● **EXERCISE REQUIREMENTS**:
Repeat only what appears from the line containing "Painted Celebration Plates, Baby" through the last line of the listing below, exactly as written.

● **EXTRACTED DATA**:
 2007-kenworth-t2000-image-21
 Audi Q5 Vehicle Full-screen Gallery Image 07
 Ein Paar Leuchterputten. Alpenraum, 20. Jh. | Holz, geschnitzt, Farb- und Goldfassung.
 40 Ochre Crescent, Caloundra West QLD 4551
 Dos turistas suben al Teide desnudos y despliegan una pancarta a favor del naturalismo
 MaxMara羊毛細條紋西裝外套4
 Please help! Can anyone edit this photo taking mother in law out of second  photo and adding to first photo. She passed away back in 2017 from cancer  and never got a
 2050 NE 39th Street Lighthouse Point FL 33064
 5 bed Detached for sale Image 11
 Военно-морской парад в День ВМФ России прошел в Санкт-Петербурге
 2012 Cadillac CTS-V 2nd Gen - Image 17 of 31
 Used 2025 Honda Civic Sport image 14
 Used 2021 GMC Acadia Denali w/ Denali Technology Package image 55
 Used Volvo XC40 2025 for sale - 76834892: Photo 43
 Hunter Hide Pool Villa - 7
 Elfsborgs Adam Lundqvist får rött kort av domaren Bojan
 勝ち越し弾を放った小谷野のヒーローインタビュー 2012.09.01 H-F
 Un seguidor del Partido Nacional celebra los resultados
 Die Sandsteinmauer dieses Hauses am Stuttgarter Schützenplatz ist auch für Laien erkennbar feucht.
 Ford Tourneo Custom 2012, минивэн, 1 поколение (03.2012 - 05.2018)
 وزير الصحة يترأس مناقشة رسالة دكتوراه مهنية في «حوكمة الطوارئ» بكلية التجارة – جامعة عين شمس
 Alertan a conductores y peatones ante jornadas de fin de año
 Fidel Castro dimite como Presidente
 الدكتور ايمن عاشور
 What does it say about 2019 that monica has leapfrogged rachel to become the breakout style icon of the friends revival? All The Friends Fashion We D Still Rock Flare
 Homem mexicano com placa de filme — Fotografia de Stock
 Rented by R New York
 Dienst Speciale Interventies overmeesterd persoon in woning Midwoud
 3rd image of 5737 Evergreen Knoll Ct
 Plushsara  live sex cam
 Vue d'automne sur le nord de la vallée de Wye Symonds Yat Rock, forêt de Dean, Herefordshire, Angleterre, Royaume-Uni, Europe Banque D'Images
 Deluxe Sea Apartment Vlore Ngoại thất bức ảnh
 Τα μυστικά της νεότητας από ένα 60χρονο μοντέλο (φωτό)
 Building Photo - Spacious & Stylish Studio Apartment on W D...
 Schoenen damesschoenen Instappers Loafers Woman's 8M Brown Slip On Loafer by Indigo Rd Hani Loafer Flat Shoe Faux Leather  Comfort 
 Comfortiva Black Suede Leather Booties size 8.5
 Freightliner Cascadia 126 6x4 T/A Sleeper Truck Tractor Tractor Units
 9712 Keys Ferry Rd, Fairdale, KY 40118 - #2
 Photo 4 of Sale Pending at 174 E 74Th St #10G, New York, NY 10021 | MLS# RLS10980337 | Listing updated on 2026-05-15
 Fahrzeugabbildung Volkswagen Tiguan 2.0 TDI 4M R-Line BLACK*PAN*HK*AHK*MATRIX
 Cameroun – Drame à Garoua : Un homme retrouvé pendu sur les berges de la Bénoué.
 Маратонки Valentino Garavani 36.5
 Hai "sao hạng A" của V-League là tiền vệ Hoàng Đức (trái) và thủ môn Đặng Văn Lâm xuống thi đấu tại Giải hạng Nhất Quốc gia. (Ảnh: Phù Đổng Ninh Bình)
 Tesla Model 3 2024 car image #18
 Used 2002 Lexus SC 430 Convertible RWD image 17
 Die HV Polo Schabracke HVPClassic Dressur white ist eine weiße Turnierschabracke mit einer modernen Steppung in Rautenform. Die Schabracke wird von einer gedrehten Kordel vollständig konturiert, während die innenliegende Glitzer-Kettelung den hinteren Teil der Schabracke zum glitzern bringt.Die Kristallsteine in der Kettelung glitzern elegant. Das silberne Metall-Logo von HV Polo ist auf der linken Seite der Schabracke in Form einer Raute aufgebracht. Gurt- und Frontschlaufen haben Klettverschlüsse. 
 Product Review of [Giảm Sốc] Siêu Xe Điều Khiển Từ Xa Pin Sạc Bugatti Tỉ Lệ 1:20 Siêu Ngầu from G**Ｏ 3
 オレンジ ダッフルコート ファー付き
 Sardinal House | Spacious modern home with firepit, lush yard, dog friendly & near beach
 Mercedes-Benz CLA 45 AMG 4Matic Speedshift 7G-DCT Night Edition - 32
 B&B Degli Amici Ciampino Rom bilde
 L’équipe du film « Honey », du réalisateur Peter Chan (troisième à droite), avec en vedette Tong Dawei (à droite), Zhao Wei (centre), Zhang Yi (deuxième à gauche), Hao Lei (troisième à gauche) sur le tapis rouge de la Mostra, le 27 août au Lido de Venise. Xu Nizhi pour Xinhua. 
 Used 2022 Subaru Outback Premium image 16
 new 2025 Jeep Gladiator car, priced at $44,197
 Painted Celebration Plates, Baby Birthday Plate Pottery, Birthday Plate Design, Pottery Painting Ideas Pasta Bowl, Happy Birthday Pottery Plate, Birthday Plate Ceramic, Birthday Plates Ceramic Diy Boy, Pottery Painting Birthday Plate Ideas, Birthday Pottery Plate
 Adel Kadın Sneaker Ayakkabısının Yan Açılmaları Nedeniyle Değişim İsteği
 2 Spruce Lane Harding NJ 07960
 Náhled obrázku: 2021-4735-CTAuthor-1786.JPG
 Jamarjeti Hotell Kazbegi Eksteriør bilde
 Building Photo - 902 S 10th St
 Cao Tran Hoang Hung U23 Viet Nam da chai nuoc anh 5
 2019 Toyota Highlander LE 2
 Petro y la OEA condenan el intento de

● **ANSWER BOX**:
 Painted Celebration Plates, Baby Birthday Plate Pottery, Birthday Plate Design, Pottery Painting Ideas Pasta Bowl, Happy Birthday Pottery Plate, Birthday Plate Ceramic, Birthday Plates Ceramic Diy Boy, Pottery Painting Birthday Plate Ideas, Birthday Pottery Plate
 Adel Kadın Sneaker Ayakkabısının Yan Açılmaları Nedeniyle Değişim İsteği
 2 Spruce Lane Harding NJ 07960
 Náhled obrázku: 2021-4735-CTAuthor-1786.JPG
 Jamarjeti Hotell Kazbegi Eksteriør bilde
 Building Photo - 902 S 10th St
 Cao Tran Hoang Hung U23 Viet Nam da chai nuoc anh 5
 2019 Toyota Highlander LE 2
 Petro y la OEA condenan el intento de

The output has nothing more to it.